▶ [MATERIAL FOR THIS TASK]
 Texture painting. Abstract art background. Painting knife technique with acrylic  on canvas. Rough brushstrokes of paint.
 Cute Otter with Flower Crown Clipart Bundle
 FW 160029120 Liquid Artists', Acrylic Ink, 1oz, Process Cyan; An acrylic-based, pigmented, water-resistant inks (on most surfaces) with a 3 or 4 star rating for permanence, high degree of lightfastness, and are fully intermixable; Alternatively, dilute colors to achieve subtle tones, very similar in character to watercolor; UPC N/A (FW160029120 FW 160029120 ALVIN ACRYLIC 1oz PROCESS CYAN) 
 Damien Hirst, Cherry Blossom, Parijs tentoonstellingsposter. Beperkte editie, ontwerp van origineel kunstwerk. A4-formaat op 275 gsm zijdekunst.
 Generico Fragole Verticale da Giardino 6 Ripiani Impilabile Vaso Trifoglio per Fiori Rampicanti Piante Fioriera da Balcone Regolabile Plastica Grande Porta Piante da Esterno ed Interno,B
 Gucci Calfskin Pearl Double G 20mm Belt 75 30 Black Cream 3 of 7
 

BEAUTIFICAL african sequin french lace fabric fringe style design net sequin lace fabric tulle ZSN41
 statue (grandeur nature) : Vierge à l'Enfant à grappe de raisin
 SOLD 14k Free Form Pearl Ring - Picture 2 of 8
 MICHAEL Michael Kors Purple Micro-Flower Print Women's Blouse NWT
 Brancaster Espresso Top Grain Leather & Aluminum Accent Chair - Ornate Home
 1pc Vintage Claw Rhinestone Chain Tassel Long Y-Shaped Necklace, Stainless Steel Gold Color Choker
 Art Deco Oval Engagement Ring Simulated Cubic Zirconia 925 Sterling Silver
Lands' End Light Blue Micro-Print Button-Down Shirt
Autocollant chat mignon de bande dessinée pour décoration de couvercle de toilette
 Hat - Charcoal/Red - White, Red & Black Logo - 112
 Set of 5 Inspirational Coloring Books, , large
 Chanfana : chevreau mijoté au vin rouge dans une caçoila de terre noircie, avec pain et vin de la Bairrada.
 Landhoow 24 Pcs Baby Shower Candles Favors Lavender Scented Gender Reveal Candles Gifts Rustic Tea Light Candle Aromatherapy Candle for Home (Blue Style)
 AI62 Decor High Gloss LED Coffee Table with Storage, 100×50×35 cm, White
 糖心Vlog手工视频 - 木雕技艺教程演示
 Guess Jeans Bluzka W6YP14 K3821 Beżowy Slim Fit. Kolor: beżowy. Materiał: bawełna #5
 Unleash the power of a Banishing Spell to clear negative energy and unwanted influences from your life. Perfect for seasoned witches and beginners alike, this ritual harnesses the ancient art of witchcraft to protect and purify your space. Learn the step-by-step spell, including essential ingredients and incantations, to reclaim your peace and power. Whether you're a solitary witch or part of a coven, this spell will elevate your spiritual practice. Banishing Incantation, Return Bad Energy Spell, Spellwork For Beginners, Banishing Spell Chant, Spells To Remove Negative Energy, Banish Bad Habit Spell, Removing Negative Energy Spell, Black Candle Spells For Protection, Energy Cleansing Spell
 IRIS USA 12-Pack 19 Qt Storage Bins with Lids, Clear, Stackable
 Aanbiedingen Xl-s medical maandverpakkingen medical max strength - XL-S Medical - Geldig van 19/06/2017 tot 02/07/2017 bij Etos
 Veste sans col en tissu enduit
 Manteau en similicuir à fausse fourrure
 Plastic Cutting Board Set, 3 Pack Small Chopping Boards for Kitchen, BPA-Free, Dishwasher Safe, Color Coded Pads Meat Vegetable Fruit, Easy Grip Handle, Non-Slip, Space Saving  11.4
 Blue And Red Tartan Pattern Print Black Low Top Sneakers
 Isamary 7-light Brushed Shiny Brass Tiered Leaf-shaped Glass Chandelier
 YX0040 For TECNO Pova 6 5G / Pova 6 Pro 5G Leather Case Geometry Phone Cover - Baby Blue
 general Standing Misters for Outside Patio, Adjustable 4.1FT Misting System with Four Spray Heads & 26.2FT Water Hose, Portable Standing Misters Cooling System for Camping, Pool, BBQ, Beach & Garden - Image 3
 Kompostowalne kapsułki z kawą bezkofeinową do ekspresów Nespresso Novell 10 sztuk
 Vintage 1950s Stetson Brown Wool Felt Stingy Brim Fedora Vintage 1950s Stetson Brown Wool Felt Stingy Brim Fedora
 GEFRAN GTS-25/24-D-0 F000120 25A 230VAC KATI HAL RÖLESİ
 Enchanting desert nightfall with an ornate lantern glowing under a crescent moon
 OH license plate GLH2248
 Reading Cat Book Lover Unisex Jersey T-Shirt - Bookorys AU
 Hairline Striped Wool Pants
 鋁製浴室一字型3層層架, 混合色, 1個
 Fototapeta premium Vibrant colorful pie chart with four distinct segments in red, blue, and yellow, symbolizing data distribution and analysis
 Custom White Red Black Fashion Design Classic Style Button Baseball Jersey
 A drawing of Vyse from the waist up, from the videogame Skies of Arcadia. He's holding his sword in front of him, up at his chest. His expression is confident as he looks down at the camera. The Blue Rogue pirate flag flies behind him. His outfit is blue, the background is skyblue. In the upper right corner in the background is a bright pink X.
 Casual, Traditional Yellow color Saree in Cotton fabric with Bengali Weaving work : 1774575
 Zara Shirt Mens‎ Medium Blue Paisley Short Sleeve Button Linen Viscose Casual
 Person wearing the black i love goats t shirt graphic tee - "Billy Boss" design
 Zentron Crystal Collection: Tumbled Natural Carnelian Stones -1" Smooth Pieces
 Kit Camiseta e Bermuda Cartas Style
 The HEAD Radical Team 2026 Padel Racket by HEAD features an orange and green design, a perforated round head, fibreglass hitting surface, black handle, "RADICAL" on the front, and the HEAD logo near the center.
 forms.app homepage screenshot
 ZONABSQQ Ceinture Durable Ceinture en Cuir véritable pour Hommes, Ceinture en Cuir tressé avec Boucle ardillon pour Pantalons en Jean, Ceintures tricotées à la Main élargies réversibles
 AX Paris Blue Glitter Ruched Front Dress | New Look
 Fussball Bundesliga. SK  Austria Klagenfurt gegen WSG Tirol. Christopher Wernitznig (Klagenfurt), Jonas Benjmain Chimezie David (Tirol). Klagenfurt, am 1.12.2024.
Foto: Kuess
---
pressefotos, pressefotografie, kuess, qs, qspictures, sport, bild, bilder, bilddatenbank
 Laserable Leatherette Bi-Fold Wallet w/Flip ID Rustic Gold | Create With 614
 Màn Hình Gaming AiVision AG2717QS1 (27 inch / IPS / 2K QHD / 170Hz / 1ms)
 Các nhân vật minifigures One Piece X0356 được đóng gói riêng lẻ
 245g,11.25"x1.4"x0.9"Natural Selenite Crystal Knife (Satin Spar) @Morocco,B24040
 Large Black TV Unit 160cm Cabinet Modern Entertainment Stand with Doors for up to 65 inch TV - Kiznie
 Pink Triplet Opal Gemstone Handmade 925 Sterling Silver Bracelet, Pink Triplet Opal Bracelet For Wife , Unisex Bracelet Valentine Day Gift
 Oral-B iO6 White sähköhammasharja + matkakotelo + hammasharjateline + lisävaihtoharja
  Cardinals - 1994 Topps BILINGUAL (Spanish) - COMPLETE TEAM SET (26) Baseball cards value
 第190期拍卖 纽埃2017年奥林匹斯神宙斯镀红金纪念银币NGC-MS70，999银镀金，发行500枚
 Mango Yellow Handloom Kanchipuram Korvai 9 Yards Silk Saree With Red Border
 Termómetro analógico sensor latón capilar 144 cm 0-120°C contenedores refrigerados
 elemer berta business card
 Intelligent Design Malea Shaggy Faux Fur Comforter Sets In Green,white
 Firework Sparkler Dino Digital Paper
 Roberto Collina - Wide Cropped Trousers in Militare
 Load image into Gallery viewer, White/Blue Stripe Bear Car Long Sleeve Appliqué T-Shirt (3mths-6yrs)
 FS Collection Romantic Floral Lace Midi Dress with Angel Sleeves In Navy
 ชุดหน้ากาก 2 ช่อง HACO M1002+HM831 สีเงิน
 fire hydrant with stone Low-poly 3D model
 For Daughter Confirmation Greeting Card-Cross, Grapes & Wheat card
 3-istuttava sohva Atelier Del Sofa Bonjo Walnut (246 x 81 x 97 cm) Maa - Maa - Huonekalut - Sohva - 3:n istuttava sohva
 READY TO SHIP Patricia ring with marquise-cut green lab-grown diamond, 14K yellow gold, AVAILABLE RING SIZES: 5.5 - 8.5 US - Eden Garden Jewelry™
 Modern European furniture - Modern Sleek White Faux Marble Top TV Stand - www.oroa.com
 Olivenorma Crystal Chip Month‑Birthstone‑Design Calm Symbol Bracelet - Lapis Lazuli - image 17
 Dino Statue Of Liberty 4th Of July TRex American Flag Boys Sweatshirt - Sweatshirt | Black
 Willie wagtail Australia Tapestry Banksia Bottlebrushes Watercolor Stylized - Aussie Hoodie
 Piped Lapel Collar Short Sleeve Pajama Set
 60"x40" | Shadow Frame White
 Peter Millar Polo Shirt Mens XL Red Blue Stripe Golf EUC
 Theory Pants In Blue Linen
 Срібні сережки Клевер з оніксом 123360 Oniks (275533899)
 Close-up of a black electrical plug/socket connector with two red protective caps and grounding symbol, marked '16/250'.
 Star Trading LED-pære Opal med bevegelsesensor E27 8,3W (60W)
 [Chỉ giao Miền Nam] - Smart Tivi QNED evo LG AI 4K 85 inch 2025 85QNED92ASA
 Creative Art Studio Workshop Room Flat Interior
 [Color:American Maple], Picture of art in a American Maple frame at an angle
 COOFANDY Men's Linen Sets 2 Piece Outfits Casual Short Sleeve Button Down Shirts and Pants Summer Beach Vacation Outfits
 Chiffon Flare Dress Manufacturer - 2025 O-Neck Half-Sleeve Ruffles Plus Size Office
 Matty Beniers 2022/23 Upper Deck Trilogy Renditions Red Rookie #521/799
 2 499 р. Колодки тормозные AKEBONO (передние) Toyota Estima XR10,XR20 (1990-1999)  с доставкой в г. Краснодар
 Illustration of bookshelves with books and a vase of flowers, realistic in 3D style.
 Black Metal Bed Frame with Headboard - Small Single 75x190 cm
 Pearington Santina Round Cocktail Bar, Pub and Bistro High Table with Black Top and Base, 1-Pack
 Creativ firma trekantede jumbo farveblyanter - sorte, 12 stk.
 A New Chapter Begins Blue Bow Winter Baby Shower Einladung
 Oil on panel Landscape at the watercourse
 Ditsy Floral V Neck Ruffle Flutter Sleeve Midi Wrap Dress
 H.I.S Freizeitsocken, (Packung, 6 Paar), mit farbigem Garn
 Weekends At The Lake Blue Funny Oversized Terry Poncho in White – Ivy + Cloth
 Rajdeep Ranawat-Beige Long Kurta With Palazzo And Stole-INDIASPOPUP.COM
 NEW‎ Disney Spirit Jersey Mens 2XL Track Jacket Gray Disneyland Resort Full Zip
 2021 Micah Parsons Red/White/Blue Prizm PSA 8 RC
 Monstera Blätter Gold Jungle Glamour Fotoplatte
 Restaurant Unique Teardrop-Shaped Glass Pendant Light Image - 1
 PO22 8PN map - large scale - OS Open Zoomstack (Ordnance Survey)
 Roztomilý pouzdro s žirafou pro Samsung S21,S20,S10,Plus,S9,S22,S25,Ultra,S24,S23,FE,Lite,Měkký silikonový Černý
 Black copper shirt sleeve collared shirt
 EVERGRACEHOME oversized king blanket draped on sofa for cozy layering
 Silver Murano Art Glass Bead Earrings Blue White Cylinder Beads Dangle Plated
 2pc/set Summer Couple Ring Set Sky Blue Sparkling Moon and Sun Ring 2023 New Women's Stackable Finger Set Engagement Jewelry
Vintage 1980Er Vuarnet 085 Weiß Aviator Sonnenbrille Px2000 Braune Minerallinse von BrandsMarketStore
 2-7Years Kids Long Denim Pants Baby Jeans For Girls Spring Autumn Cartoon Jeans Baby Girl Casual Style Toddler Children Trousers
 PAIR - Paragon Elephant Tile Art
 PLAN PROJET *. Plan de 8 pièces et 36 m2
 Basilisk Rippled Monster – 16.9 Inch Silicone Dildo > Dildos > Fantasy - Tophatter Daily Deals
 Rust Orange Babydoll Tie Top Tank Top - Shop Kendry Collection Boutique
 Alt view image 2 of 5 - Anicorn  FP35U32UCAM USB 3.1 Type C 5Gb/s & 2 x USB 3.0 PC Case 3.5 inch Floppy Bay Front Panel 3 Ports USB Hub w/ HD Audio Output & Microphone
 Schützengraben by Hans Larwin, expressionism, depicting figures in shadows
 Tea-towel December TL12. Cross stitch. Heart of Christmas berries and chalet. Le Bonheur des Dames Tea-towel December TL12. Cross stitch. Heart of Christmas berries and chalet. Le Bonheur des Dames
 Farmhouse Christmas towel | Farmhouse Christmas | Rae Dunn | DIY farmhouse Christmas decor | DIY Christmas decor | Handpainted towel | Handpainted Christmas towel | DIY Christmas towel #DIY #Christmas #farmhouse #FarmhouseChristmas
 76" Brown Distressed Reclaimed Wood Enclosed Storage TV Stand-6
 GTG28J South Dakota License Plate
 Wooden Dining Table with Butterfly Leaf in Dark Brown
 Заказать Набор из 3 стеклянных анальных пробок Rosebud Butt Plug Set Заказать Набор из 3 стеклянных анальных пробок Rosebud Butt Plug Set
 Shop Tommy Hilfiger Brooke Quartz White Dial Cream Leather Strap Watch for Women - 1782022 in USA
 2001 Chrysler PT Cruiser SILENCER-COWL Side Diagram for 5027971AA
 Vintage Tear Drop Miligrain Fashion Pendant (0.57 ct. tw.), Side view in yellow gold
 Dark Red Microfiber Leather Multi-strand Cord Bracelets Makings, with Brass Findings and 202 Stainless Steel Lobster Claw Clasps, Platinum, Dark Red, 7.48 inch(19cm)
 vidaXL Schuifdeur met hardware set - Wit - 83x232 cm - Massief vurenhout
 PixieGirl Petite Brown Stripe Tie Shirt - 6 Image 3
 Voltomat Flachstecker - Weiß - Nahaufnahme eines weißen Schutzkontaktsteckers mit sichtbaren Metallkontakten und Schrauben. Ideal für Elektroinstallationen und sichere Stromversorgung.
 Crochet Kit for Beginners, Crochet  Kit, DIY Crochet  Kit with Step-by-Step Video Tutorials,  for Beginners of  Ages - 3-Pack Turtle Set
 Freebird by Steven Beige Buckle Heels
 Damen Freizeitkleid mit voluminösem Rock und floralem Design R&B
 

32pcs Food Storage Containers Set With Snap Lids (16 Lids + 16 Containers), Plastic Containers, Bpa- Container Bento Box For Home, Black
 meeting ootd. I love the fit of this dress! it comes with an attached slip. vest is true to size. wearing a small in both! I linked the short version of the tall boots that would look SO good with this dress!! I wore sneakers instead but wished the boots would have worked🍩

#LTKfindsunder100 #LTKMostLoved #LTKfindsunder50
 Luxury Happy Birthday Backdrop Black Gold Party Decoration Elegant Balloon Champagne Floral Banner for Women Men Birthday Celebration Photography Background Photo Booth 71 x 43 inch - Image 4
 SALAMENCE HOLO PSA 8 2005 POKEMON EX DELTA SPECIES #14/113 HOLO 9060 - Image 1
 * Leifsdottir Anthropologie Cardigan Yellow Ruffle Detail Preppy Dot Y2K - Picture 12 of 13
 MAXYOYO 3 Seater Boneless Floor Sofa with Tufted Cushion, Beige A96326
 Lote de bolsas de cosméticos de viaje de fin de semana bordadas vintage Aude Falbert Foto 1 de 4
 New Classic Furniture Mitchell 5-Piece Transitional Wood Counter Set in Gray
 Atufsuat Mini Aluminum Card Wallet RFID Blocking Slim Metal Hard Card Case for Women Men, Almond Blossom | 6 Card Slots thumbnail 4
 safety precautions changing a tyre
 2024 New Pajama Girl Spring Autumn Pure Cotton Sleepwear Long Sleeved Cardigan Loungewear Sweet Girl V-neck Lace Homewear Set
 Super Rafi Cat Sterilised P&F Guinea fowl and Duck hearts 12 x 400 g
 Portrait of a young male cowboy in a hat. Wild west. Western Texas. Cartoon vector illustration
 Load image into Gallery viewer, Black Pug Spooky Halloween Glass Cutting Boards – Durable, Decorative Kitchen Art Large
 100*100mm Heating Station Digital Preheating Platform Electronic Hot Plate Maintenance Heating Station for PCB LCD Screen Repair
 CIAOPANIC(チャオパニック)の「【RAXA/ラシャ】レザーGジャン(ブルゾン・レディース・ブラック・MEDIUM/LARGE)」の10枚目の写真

▶ [WHAT THE TASK REQUIRES] Reproduce, please, the lines of the material from its first line down to the line containing "Chanfana : chevreau", keeping both ends and nothing beyond them.

▶ [SOLUTION BELOW]
 Texture painting. Abstract art background. Painting knife technique with acrylic  on canvas. Rough brushstrokes of paint.
 Cute Otter with Flower Crown Clipart Bundle
 FW 160029120 Liquid Artists', Acrylic Ink, 1oz, Process Cyan; An acrylic-based, pigmented, water-resistant inks (on most surfaces) with a 3 or 4 star rating for permanence, high degree of lightfastness, and are fully intermixable; Alternatively, dilute colors to achieve subtle tones, very similar in character to watercolor; UPC N/A (FW160029120 FW 160029120 ALVIN ACRYLIC 1oz PROCESS CYAN) 
 Damien Hirst, Cherry Blossom, Parijs tentoonstellingsposter. Beperkte editie, ontwerp van origineel kunstwerk. A4-formaat op 275 gsm zijdekunst.
 Generico Fragole Verticale da Giardino 6 Ripiani Impilabile Vaso Trifoglio per Fiori Rampicanti Piante Fioriera da Balcone Regolabile Plastica Grande Porta Piante da Esterno ed Interno,B
 Gucci Calfskin Pearl Double G 20mm Belt 75 30 Black Cream 3 of 7
 

BEAUTIFICAL african sequin french lace fabric fringe style design net sequin lace fabric tulle ZSN41
 statue (grandeur nature) : Vierge à l'Enfant à grappe de raisin
 SOLD 14k Free Form Pearl Ring - Picture 2 of 8
 MICHAEL Michael Kors Purple Micro-Flower Print Women's Blouse NWT
 Brancaster Espresso Top Grain Leather & Aluminum Accent Chair - Ornate Home
 1pc Vintage Claw Rhinestone Chain Tassel Long Y-Shaped Necklace, Stainless Steel Gold Color Choker
 Art Deco Oval Engagement Ring Simulated Cubic Zirconia 925 Sterling Silver
Lands' End Light Blue Micro-Print Button-Down Shirt
Autocollant chat mignon de bande dessinée pour décoration de couvercle de toilette
 Hat - Charcoal/Red - White, Red & Black Logo - 112
 Set of 5 Inspirational Coloring Books, , large
 Chanfana : chevreau mijoté au vin rouge dans une caçoila de terre noircie, avec pain et vin de la Bairrada.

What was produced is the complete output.